Je suis en effet très sensible aux otites externes, et c’était clairement le principal défi que je voulais poser aux SurfEars 4.0. Plus encore que la profondeur ou l’égalisation, je voulais savoir s’ils pouvaient réellement protéger le conduit auditif dans un usage long et soutenu.

Un résultat très clair sur la prévention des otites

À ce stade, le constat est sans appel :

·       aucune inflammation du conduit,

·       aucune otite,

Alors que je me contente d’un simple rinçage à l’eau claire après la plongée, sans protocole lourd ni produits spécifiques. Dans un environnement tropical et avec ce volume de plongée, c’est pour moi un résultat extrêmement parlant.
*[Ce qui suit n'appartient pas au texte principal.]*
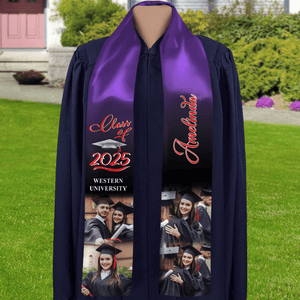 GeckoCustom Custom Photo Class of 2024 Stoles Sash Senior Gift TA29 888873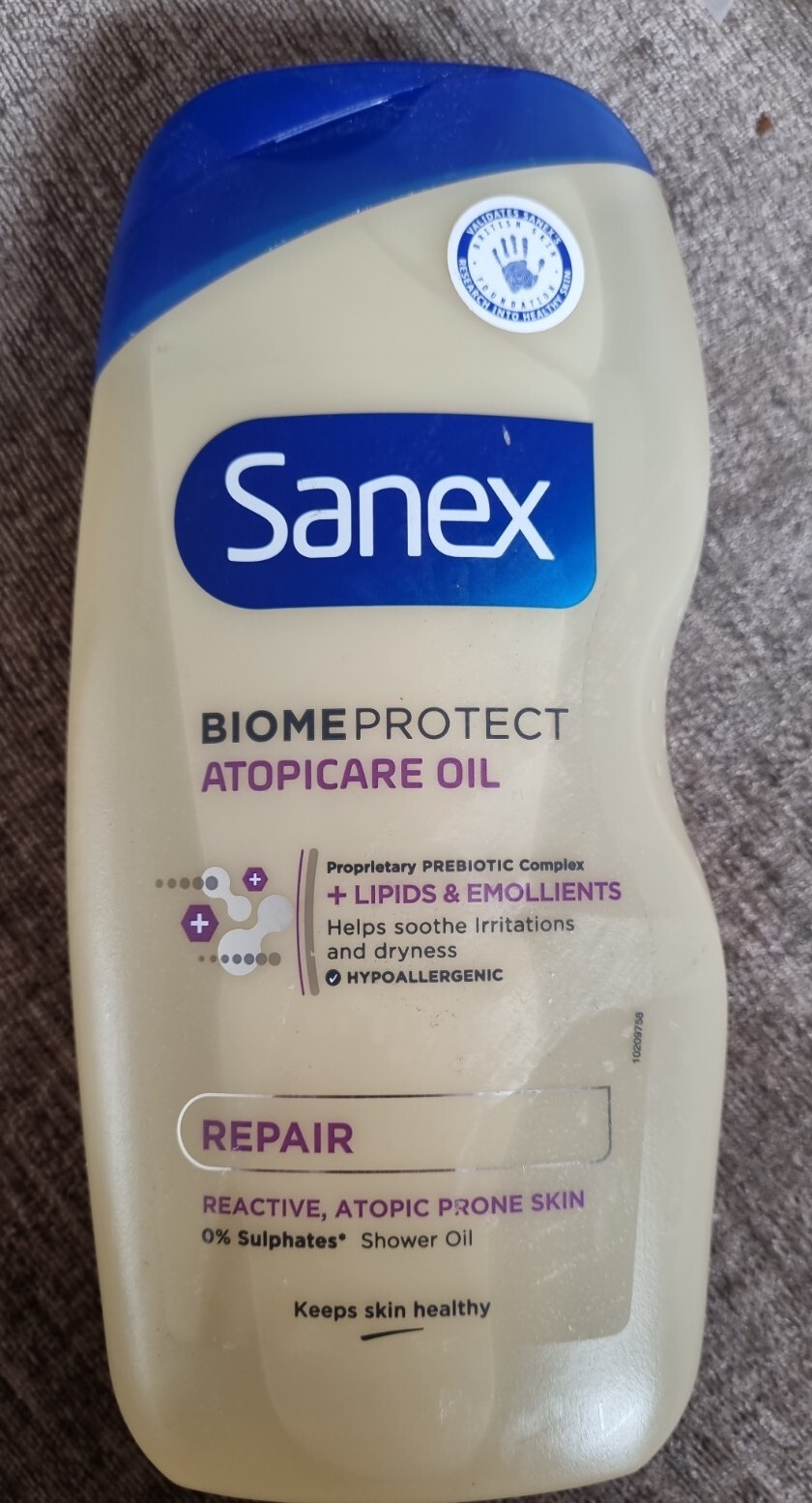 Sanex+Biome+Protect+ATOPICARE+Repair+Shower+Oil+414+ml+3+pack for sale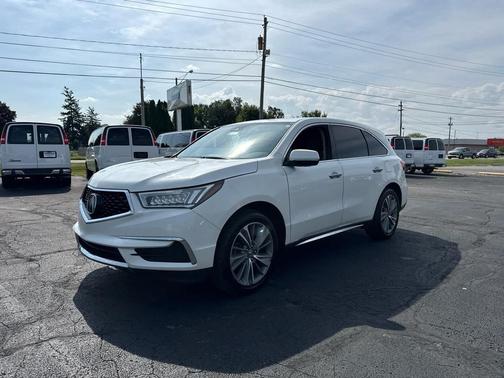 White Diamond Pearl 2018 Acura MDX 3.5L w/Technology Package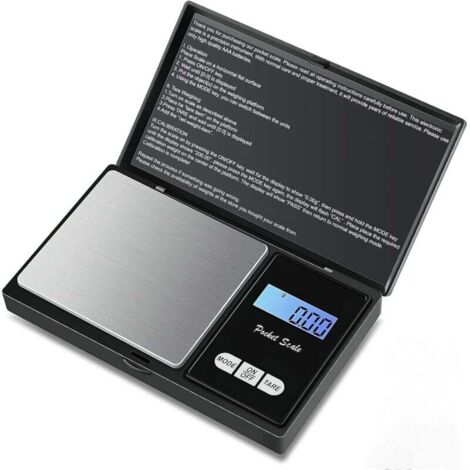 Balance de précision 500 g/0,01 g, balance de poche avec écran LCD rétroéclairé (7 unités) - Petite balance à bijoux, balance de cuisine haute précision, balance numérique avec 【Fonction】 XXW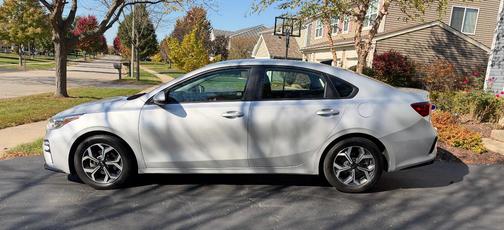 Silver 2019 Kia Forte LXS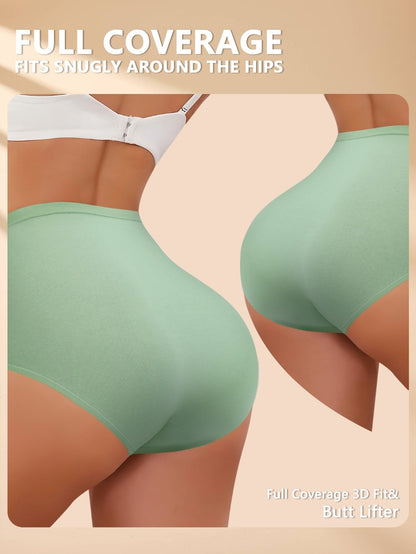Women’s Plus Size High-Waist Shapewear Briefs - Tummy Control Support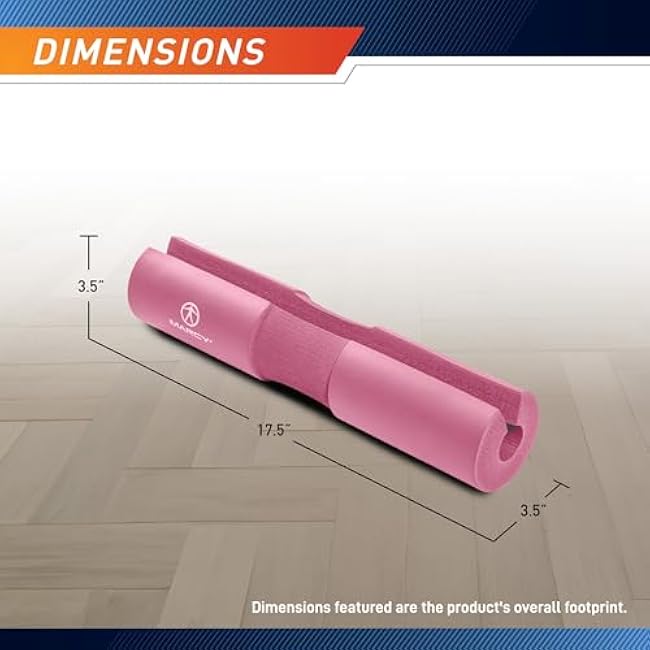 MARCY Barbell Pad, Strength Training Equipment Attachments, Great for Weightlifting, Lunges and Hip Thrusts, Comfortable Foam Sponge Pad Provides Cushion to Neck & Shoulders, Multi-Color Options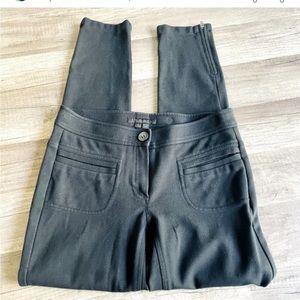 Theory black knit pants size 2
Le test involontaire… mais révélateur

Fait intéressant — et assez révélateur — : j’ai oublié deux fois de mettre les SurfEars. Et les deux fois, le scénario a été le même :

  • démangeaisons dans une des deux oreilles
  • puis début de douleur

Rien de dramatique, mais suffisamment clair pour établir le lien. Ces épisodes ont cessé dès le retour à l’utilisation des SurfEars 4.0, ce qui confirme très concrètement leur efficacité en prévention.

Conclusion

Que ce soit en apnée profonde, en entraînement répété ou en plongée bouteille intensive en milieu tropical, les SurfEars 4.0 ont répondu présent. Pour quelqu’un comme moi, à risque sur le plan ORL, c’est tout simplement un succès sur toute la ligne.